The Plaintiffs, Ashley Roberts, Steven Rumbold, and Leann Rumbold, initiated this action with a complaint filed on August 18, 2017. They named as Defendants S.A. Whitt, S. Snuffer, D. Pack, and the City of Beckley. Mr. Whitt and Mr. Snuffer were police officers with the Beckley Police Department, and Mr. Pack was a corporal employed by the West Virginia State Police. The officers were part of the Beckley Raleigh County Drug and Violent Crimes Task Force Unit ("Task Force").

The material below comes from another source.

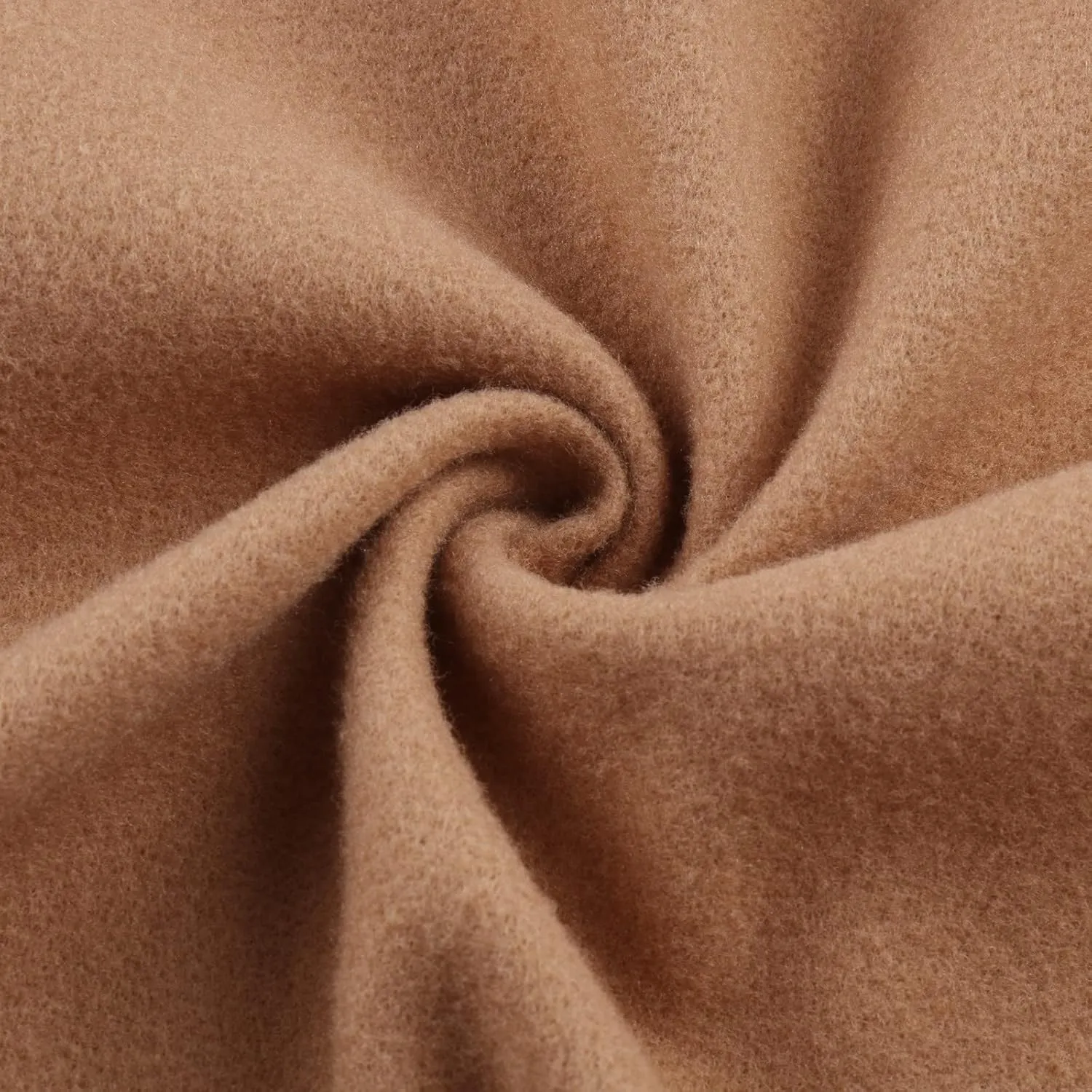 Pea Coats for Women,2023 Winter Clothes Trendy Notched Lapel Long Trench Coat,Elegant Classic Plain Blend Overcoat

On August 18, 2015, members of the Task Force executed a search warrant at the residence of Mr. and Ms. Rumbold, where Ms. Roberts was staying. Although the search warrant did not authorize a no-knock entry, the Defendants kicked in the unlocked front door without knocking or announcing themselves. Ms. Roberts, who was eight months pregnant, was in the bathroom when the officers entered. They "grabbed plaintiff Roberts off the toilet, threw her to the ground on her stomach, yelling at her to 'get on your fucking stomach.'" (Compl. at ¶ 12.) An officer "placed either his knee, or his boot, on her back while she was handcuffed, leaving visible bruises." (Id.) An officer eventually helped her sit on the couch, but she remained distressed that her baby had been harmed.
Mr. Rumbold was sleeping at the time of the officers' entry. The Defendants pulled him from bed and began beating him, "knocking his teeth out and breaking his nose." (Id. at ¶ 15.) He was not resisting or threatening the officers. The Defendants also subjected Ms. Rumbold to physical force, "including purposefully stepping on her back to the point that a foot print was left on her back." (Id. at ¶ 17.)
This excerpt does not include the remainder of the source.